It started with a baby.
Catherine O’Sullivan, a senior studying architecture at the University of Miami, wanted to create a wooden rocking toy for her cousin who was expecting his first child in Ireland.
O’Sullivan worked on the toy with boyfriend Michael Galea, also a UM architecture student. Made of bamboo, the toy was sleek and functional, designed to ship and be assembled easily.
Little did the couple know the small wooden horse would become a baby of their own.
After graduating last May, O’Sullivan and Galea realized the profit potential for the toys, and Wee Rock Toy Co. was born.
Galea and O’Sullivan are part of a brave cadre of recent college graduates who are starting their own businesses. Despite the slow economy, grads and teachers say they are motivated not so much by want of jobs but by a desire to work for themselves or build their dreams. The national unemployment rate for college grads 25 and older was 4 percent last year, still above normal for educated workers, but well below that of the overall workforce.
While O’Sullivan, 23, has a day job at an architecture and urban design firm, and Galea, 25, has pending job offers, the couple has invested close to $20,000 in creating about 100 of the bamboo rocking toys.
“We figured this is the right time to try it,” Galea said.
Although they have no prior business experience, both O’Sullivan and Galea live in Miami-Dade with their parents and have not started paying their student loans. The simplicity of the rocking toy’s design, which uses no parts or hardware, allows them to keep costs relatively low. They both used money earned during college to finance the business, and haven’t had to take out any loans.
Wee Rock has already sold 13 toys, which go for $300 each, in the first month of business, and the duo is confident sales will pick up in the coming months.
Martin Luytjes, an entrepreneurship professor at Florida International University, said more and more students like Galea and O’Sullivan are starting their own businesses, not out of necessity, but because they’re the right age to get their foot into the businesses world.
“Now young people are realizing that, ‘Wait a minute, I have some great ideas and I want to pursue them,’ ” Luytjes said. “When you’re out of school, it’s easy to start a business because you have nothing to lose.”

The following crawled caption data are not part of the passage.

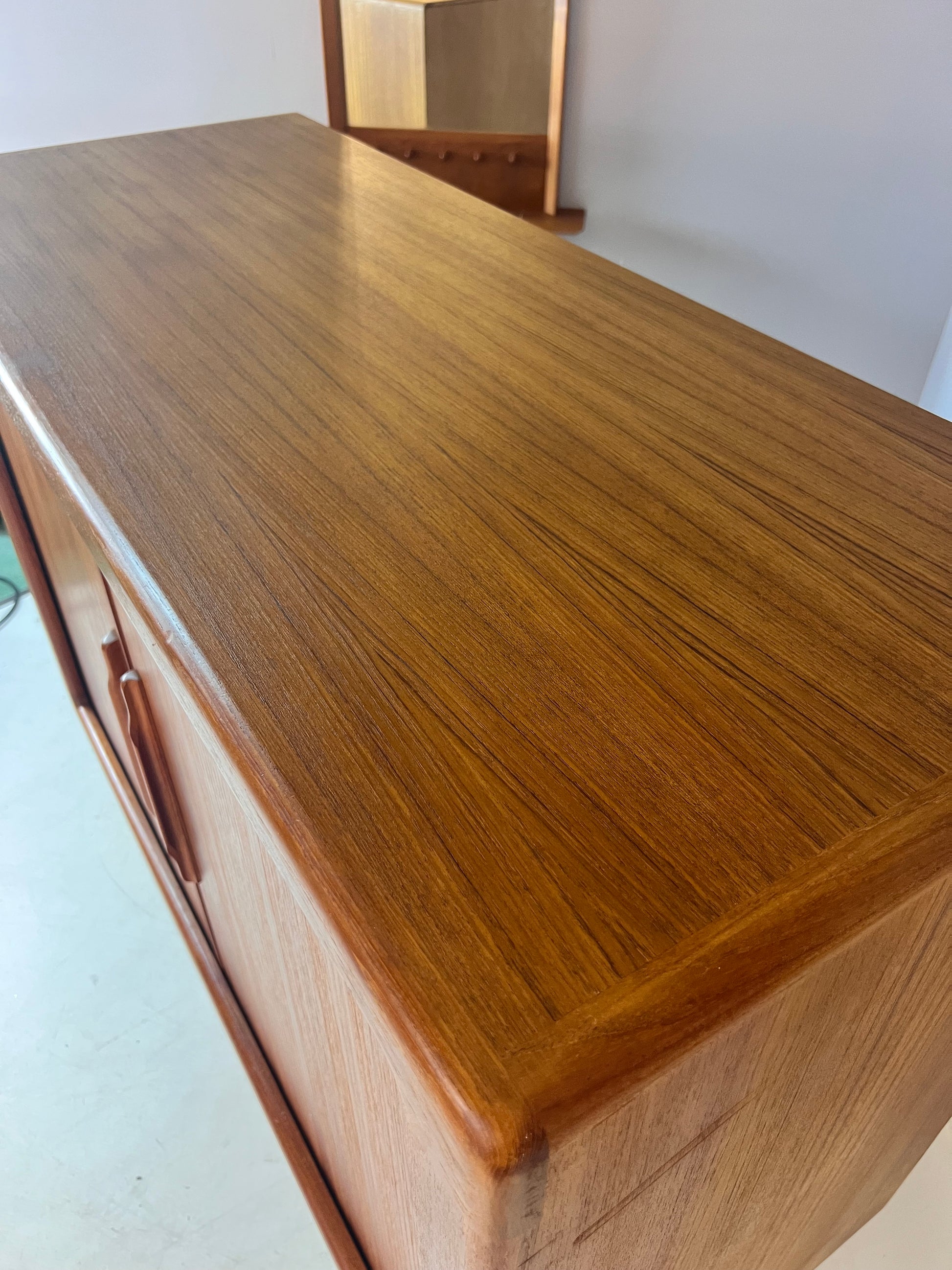 Sideboard von Dyrlund aus Dänemark
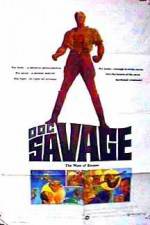 Watch Doc Savage The Man of Bronze Megashare8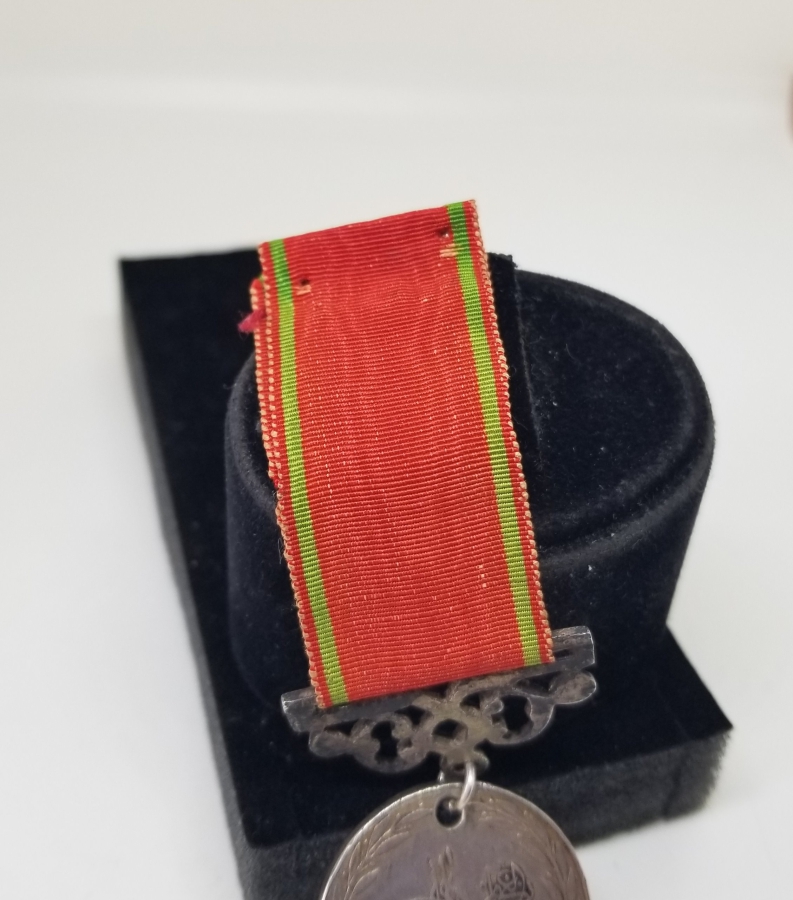 ORİJİNAL ASKI VE KURDELASIYLA NADİR PLEVNE MADALYASI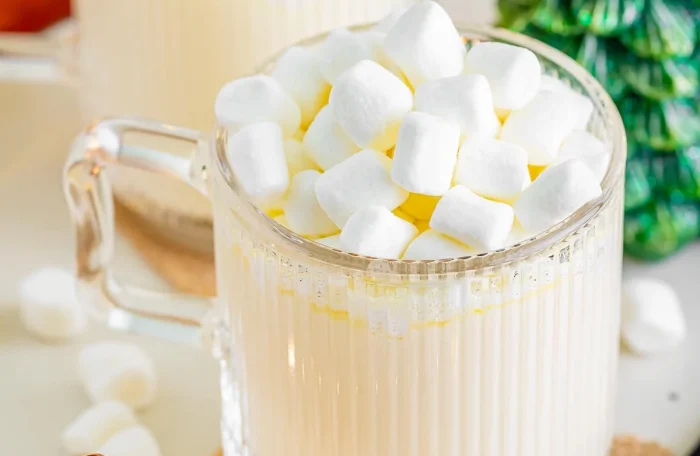 White Hot Chocolate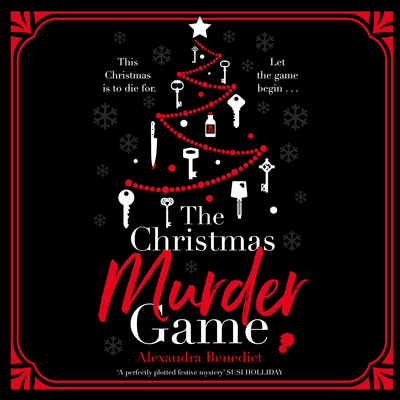 The Christmas Murder Game 1666614483 Book Cover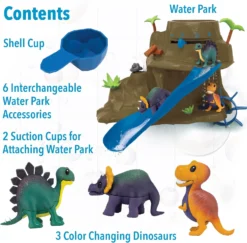 MindWare Dinosaur Colour Splash Water Park -Hape Shop 71l WhmbqL. AC SL1500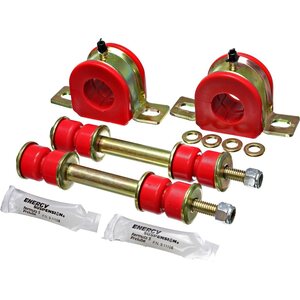 Energy Suspension - 3.5178R - 1-1/4In Gm Greaseable Sw Ay Bar Set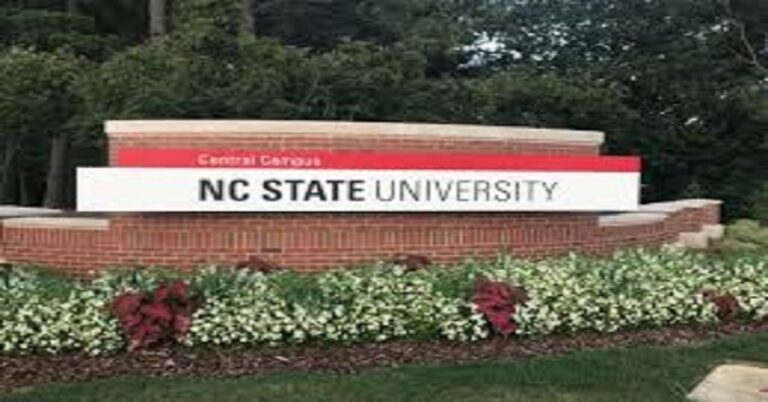 North Carolina State UNIVERSITY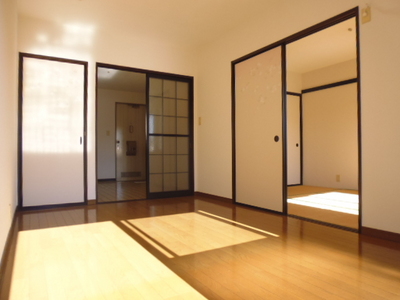 Living and room
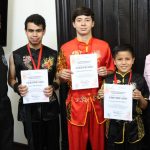 Reconoce Ayuntamiento de Guaymas a atletas ganadores del Campeonato Nacional Selectivo de Wu-Shu 2026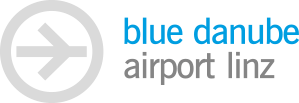 Blue Danube Airport logo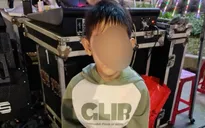 Tìm được người thân cháu bé đi lạc chỉ sau 6 phút nhờ mô hình “hội, nhóm, trang mạng xã hội”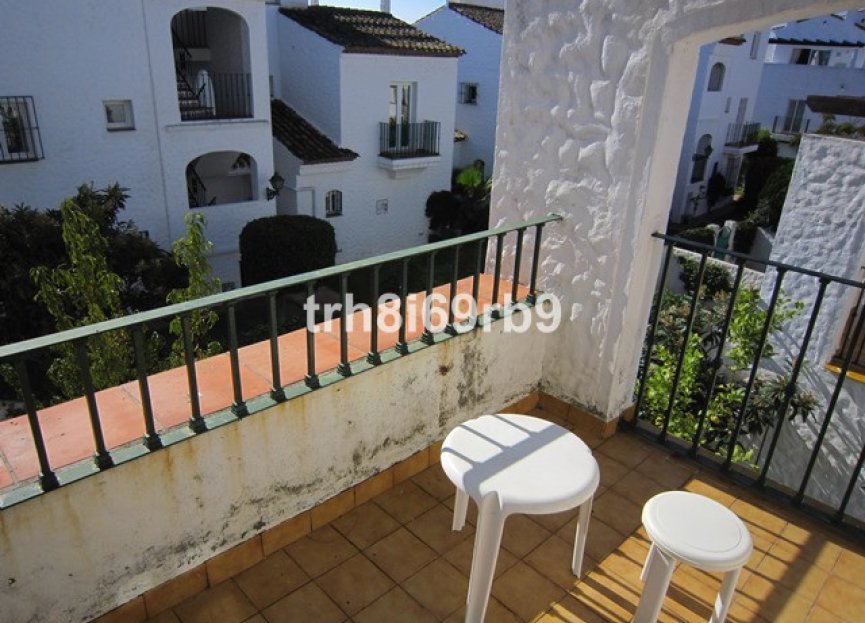 Resale - House - Semi-Detached House - Estepona - Benavista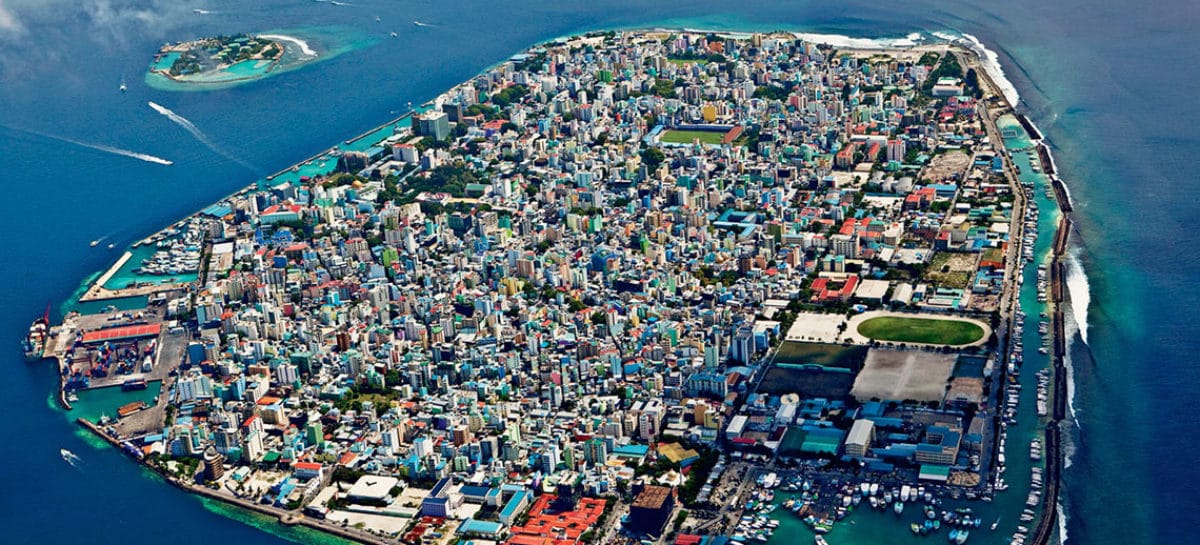 IS terror suspects were planning suicide attack in Malé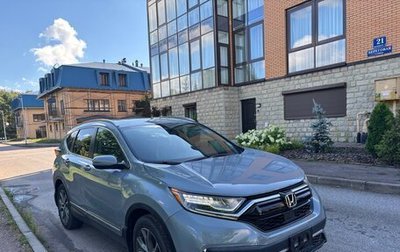 Honda CR-V IV, 2021 год, 2 599 000 рублей, 1 фотография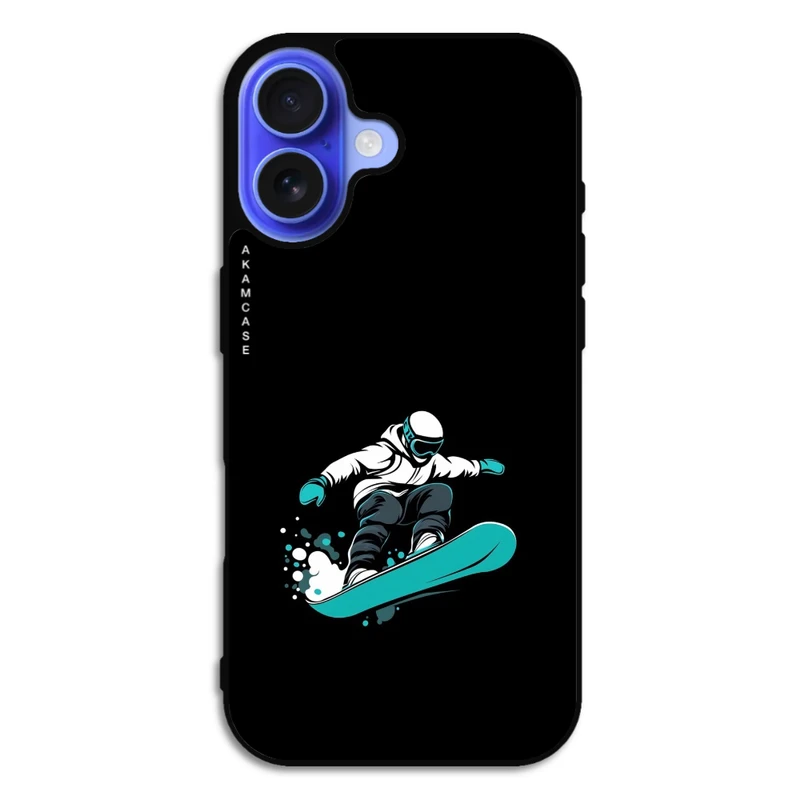 کاور آکام مدل AMC-WA16-SKI-9 مناسب برای گوشی موبایل اپل iPhone 16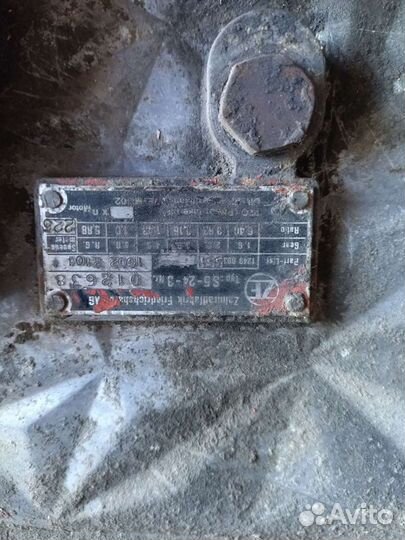 Коробка передач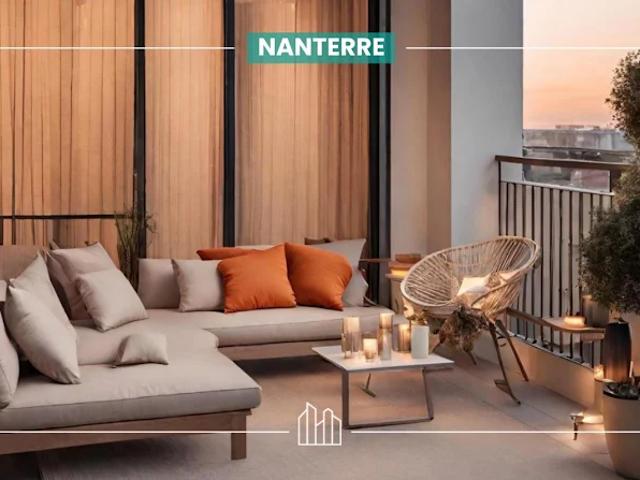 Appartement 1 pièce 42 m2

Luytjes said he sees students from a variety of majors taking entrepreneurship classes to complement their studies, because every industry has a business side to it. Many students major in entrepreneurship because they feel it gives them more potential than other subjects.
“The major is the number-one most versatile degree,” said Christopher Poore, 23, another UM graduate.
Poore and business partner Ronald Rick III, 23, opened a Miami-based franchise of College Hunks Hauling Junk & Moving after meeting company founder and UM alumnus Omar Soliman through a senior-level entrepreneurship class. Poore said they felt comfortable embarking on their own business venture right out of school because their studies taught them every aspect of the business world, from creating business plans to marketing.
Other students who don’t have a business background still see more opportunity in entrepreneurship than in taking traditional jobs for their degree.